Block-Based Noisy/Clean Classification of Images Using the Common Vector Approach


Kalyoncu H. B., ERGİN S., GÜLMEZOĞLU M. B.

CIRCUITS SYSTEMS AND SIGNAL PROCESSING, cilt.39, sa.3, ss.1387-1418, 2020 (SCI-Expanded) identifier identifier

  • Yayın Türü: Makale / Tam Makale
  • Cilt numarası: 39 Sayı: 3
  • Basım Tarihi: 2020
  • Doi Numarası: 10.1007/s00034-019-01199-7
  • Dergi Adı: CIRCUITS SYSTEMS AND SIGNAL PROCESSING
  • Derginin Tarandığı İndeksler: Science Citation Index Expanded (SCI-EXPANDED), Scopus, Academic Search Premier, Communication Abstracts, Compendex, zbMATH
  • Sayfa Sayıları: ss.1387-1418
  • Eskişehir Osmangazi Üniversitesi Adresli: Evet

Özet

In this paper, a novel method is proposed to determine noisy blocks of an image.

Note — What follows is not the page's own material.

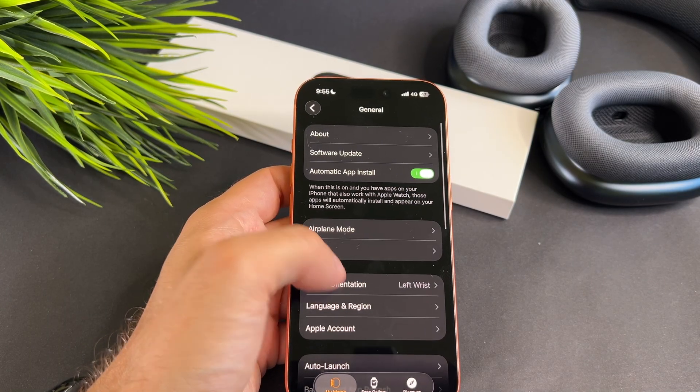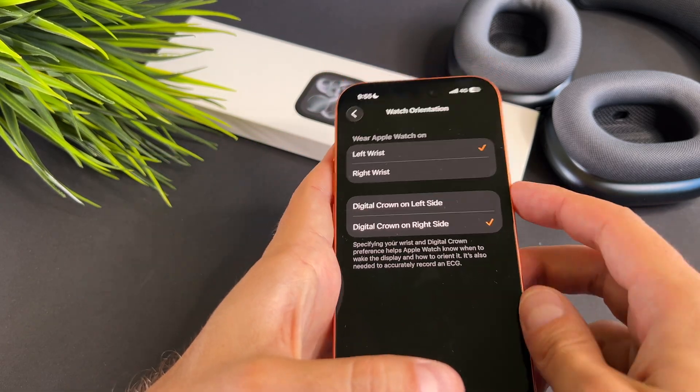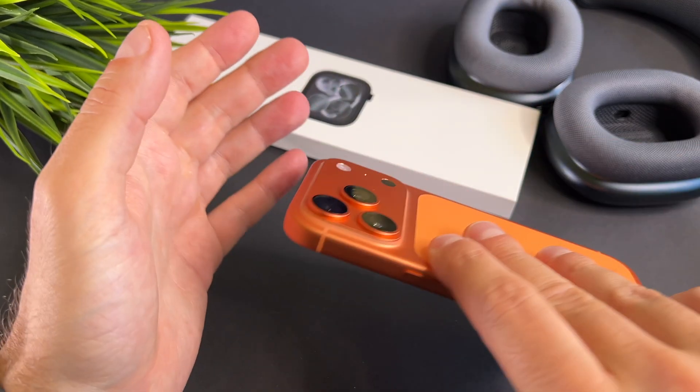Please check that the settings here match how you are actually using your watch. As this message says, the digital crown orientation is needed to accurately record an ECG.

Three different threshold values for noisy/clean classification of the blocks of any image are determined by applying the common vector approach to the reference data set consisting of the clean samples of that image. The noise addressed in this paper is Gaussian noise with zero mean. By making a block-based noisy/clean classification of any image, it is possible to expose only the noisy blocks to the denoising process, rather than the entire image to denoising. When the first threshold value (Threshold 1) is considered for all peak signal-to-noise ratio (PSNR) values, more than 94% classification results are obtained for all 8 x 8 block-sized test images except images with 28-31 dB PSNR and more than 98.8% classification results are obtained for all 12 x 12 and 16 x 16 block-sized test images except images with 29-31 dB PSNR. Finally, popular image denoising algorithms are applied to the noisy images for comparison. It is observed that the PSNR values of noisy images are appreciably increased after the process.